4) Don’t beat yourself up- everyone makes mistakes, even you. I can promise you.
I’m especially guilty of this. When it comes to the things I do, I require perfection, and every time something isn’t perfect, I almost always die inside. None of this is about being perfect, because you’re not ever going to be perfect enough, ever. It’s about doing the absolute best you can and accomplishing what you set out to do. If you don’t reach a goal you set, figure out what you have to do the next week to reach, it, and then over-reach it, and don’t beat yourself up about it.

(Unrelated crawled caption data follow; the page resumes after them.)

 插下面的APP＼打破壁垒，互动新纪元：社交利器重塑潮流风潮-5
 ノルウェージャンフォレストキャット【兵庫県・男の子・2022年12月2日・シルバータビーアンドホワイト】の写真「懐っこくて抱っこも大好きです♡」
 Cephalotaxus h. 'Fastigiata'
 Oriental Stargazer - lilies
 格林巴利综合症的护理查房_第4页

5) Make sure everyone knows you’re serious, like really serious, not just kind of serious.
I had a huge problem at first telling people what I was doing. I thought for sure that if I failed, people would just laugh at me. I feared that no one would have my back, but I didn’t realize that it was the exact opposite. The more I started to post my stories about losing weight in the past, coupled with my goals and accomplishments this time around, I got people I never expected to pay attention, to look at me and encourage my goals. At first, your friends will tell you it’s okay to eat ice cream, or go have a few beers at the bar. Don’t listen – they don’t think you’re serious, yet. Somehow the sabotage switch turns on instantly when people learn that you’re losing weight. They just don’t think you’re serious until you turn them down, and you show them that you’re serious.

6) Find a buddy who can keep you 100% accountable, and who you can do the same for.
This might not be that easy because of those reasons for weight loss I mentioned earlier. If you’ve got a friend who just isn’t into it, they’re not going to keep you accountable. If you can, find someone to do it with, who will remind you of your goals, and how far you’ve come, and someone who you can do the same thing for, it just makes everything so much easier.

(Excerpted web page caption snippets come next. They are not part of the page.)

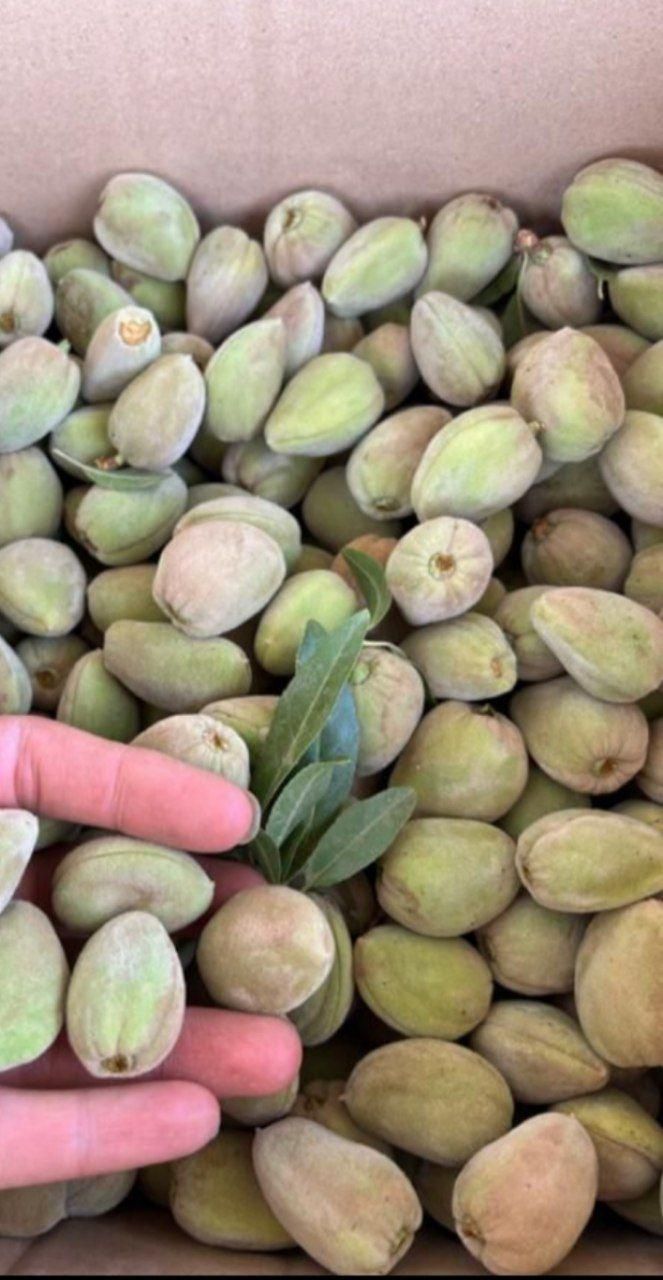 بادوم سبز|خوردنی و آشامیدنی|دلیجان, |دیوار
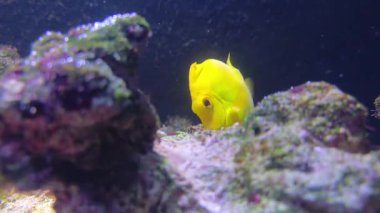 Akvaryumdaki mercanlarda yüzen sarı bir Zebrasoma alevi.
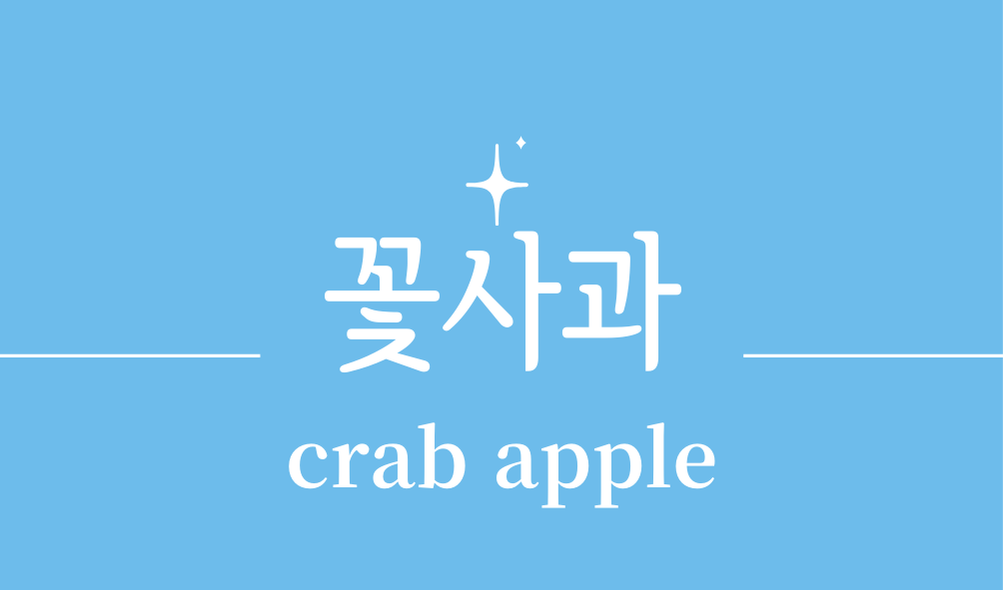 '꽃사과(crab apple)'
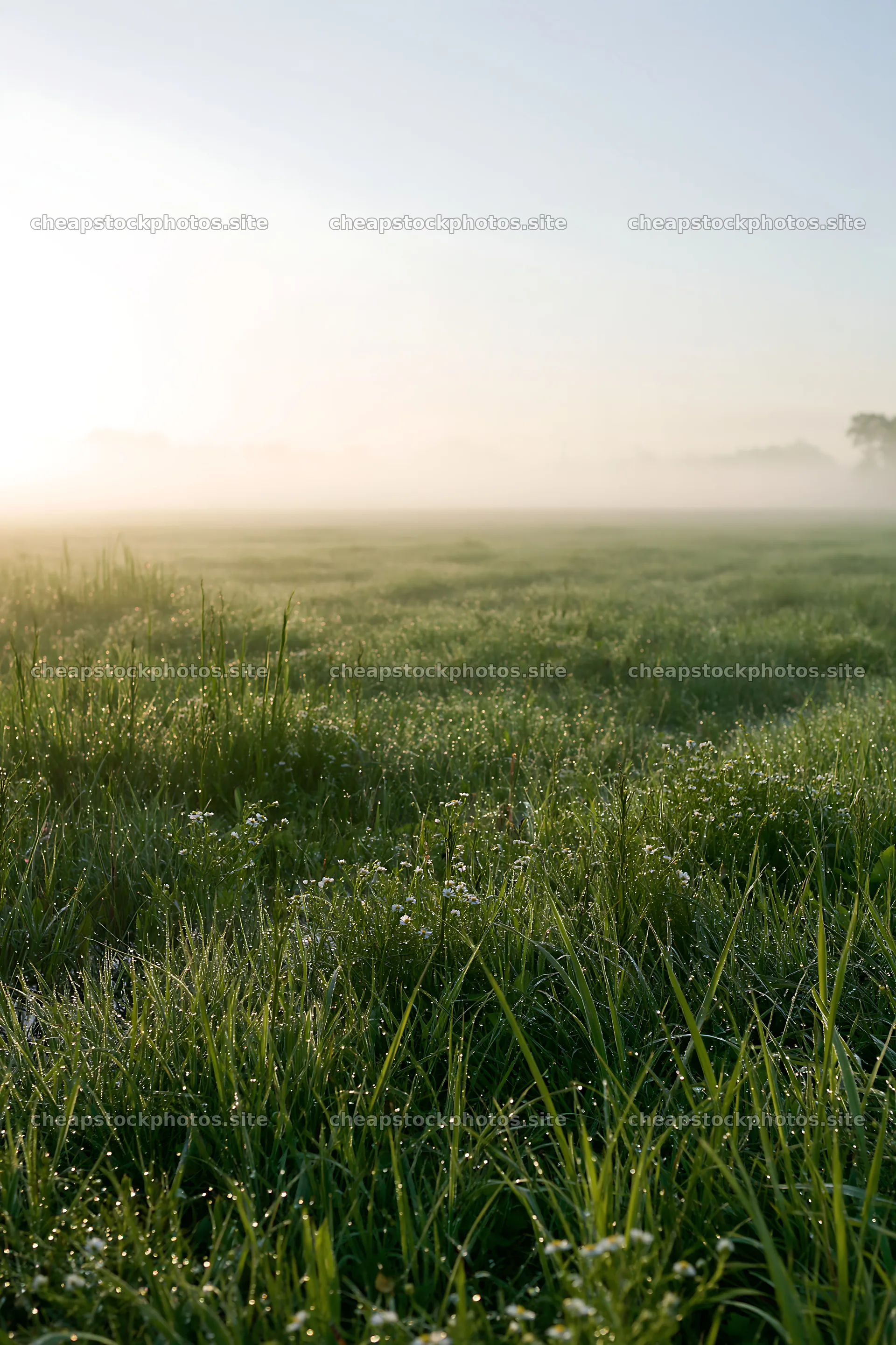 Morning dew in Niigata floodplain restoration meadow – stock photos 6480x9722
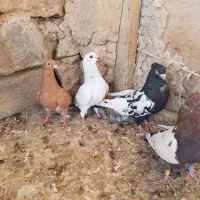 کبوتر ۴ عدد
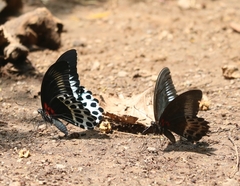Papilio polymnestor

7) Measure the hell out of everything.
If you don’t measure, you might as well just quit. Because I work in Marketing, I know that metrics are always important. You need to be able to find that point where you start to get stagnant, analyze your data, and tell yourself how you should change. Measure everything. Calories especially. You may think you’re eating perfectly, but people are more likely to eat twice as much as they should when they don’t measure their intake. Crazy right? Analyze yourself to figure out if you’re on the right track. That said – you can’t eat everything you want just because you’re working out. Overeating good foods is still just as bad as overeating bad ones. You’re still eating over the amount of calories you need each day, and according to calorie math, that’s going to prohibit your weight loss.

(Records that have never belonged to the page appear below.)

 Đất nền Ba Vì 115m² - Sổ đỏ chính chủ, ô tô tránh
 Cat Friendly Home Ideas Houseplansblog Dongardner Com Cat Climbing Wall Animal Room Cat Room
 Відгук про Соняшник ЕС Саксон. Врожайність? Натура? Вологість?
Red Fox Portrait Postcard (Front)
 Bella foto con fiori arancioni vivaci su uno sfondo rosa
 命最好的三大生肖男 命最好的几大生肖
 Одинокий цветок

8: Being sore isn’t an excuse to quit (it will pass) and neither are any other excuses you give to yourself.
Flat out, excuses are crap. You don’t have time? Make time. You don’t know how to cook? I’m sure you know someone who does. You don’t know where to start? You might know someone who has had a go at this. Don’t be too proud to ask for their help (and be receptive to their suggestions). You’re too sore to workout the next day? You know what a cure for soreness is? More working out. Excuses are roadblocks that you put in front of yourself because you don’t want to do something. It only takes 30 minutes to get in an effective, hard hitting workout. You can even work out at home with the right equipment (I did it today with a kettlebell, and a jumprope). Excuses need to be checked at the door. “Can’t” shouldn’t exist in your vocabulary anymore.

9) Be proud of what you’ve done.
Whether it’s 1 pound, or 100, be proud of yourself. You worked hard to do something, and you should celebrate your work.

10) Know where you’re coming from, and know where you want to go.
I talked about analysis up there. Take where you’re coming from, and set little goals along the way that you can crush. Some of my goals are a number on the scale, but some of them are fitness related too, like wanting to bench 5 extra pounds the next week. It’s not the hardest thing in the world, but it’s a goal that’s getting me further away from where I came from. Just know where you want to go, and always keep it in mind

11) Don’t expect anyone to know how you feel at first. Don’t worry, they’ll understand later.
I think this explains itself. You need to know how you feel, though. Tap into your emotions – the good, the bad, and the ugly. Your mind needs to be just as right as your body does. No one is going to get it at first, but they will. You have to be open to them asking why it’s such a big deal to you, and you have to be honest.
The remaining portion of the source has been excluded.